From others’ tweets and conversations to personal follower counts and interactions, Twitter wants users to devote every waking minute to Twitter.
To that end, the microblogging leader is rolling out real-time notifications, which will alert users whenever someone engages with their tweets.
“When you’re logged in … you will receive notifications if someone has replied, favorited or retweeted one of your tweets," Michael Ducker, senior product manager at Twitter, explained in a blog post on Thursday.
Over the next few weeks, users can also expect to receive notifications for direct messages and new followers. “They’re fully interactive, so that you can reply, favorite, retweet, and follow right from the notification,” Ducker explained.

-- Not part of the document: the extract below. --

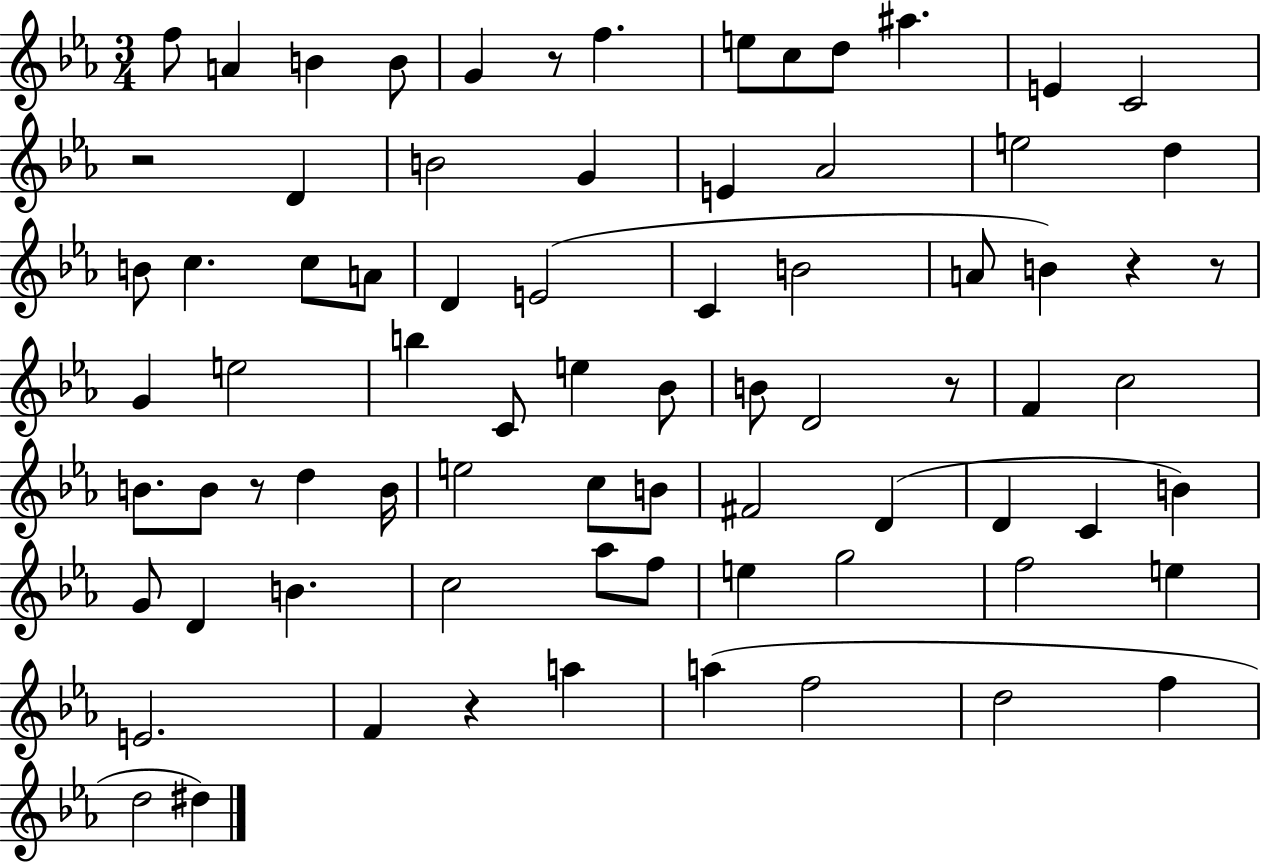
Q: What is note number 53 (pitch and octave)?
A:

By facilitating more engagement, however, Twitter runs the risk of overwhelming users. Addressing this potential issue, the company is encouraging users to adjust their account settings to control the likely barrage of notifications, alerts and the like.
It has been a busy week for Twitter. On Tuesday, the company began rolling out a very Facebook-like redesign of user profiles. Among other significant changes, popular tweets now appear a bit larger so as to surface better content for users.
Twitter also reportedly plans to introduce up to 15 new ad formats and improvements over the next six months, according to a recent Wall Street Journal report. In part, Twitter is likely hoping that more ads and higher user-engagement can offset its growing problem.
The company’s domestic growth is expected to decline from nearly 20% in 2003 to below 10%, next year, according to a recent report from eMarketer. In four short years, growth will slow to just 6.4%, the research firm expects.